I’m using a fine-tuning process that has worked successfully hundreds of times over the past several years, but now fails. The training files validate and fine tuning begins, but then fails with an internal error, retries twice and then completely fails.
21:41:50
The job failed due to an internal error.
21:23:42
Fine-tuning job started
21:23:35
The job experienced an error while training and failed, it has been re-enqueued for retry.
21:05:19
Fine-tuning job started
21:05:13
The job experienced an error while training and failed, it has been re-enqueued for retry.
20:47:06
Fine-tuning job started
20:47:04
Files validated, moving job to queued state
20:42:23
Validating training file: file-8KrKVpPVysyZbDaVJZPAqT and validation file: file-ECw1XrDu5rKKsuGuLHqtr7
20:42:23
Created fine-tuning job: ftjob-JiuewuY4cBu9lU8Mo663ICTF
Experience the same issue
Fine-tuning job(s) fail deterministically at end-of-epoch / end-of-job boundary and get auto “re-enqueued for retry”.

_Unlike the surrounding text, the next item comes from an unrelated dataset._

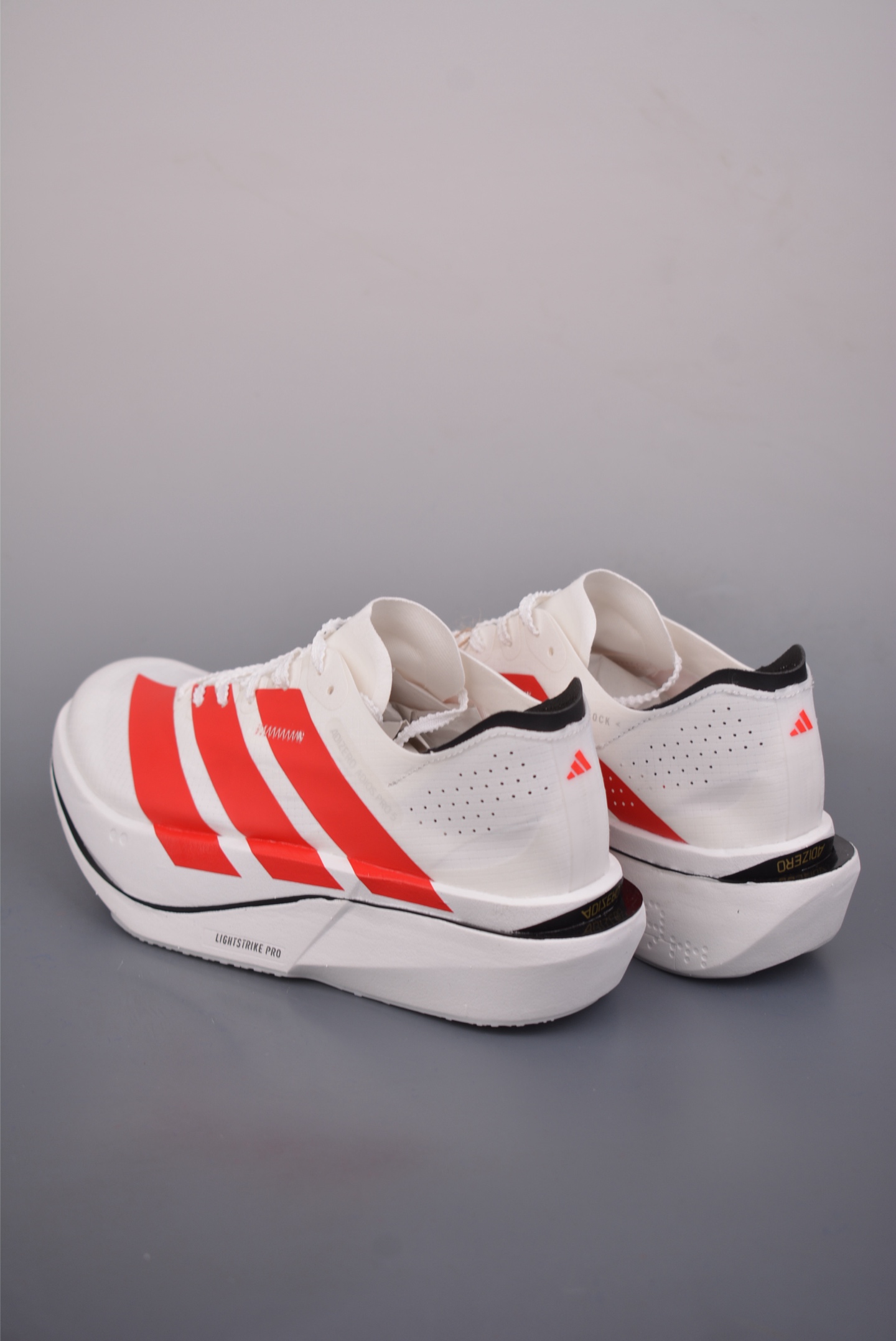 180 AdidAdizero Adios 5 M 阿迪超轻透气缓震跑鞋 K18294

Job A: ftjob-es4MiHzZaAN93vYpJPREfzNI (n_epochs=3, fails right after Step 72/216 = end of epoch 1)
Job B: ftjob-C3sKWB8yvYD3hqu263FTmkVx (n_epochs=1, fails right after Step 70/70 = end of job)
Reproduces across datasets (including previously working) and across base models.
I’m seeing the same thing. Dies after epoch 1, retires, keeps dying, eventually fails the job. Re-ran a job that ran fine two days ago and that re-run failed after epoch 1. That tells me this is something on the OpenAI side.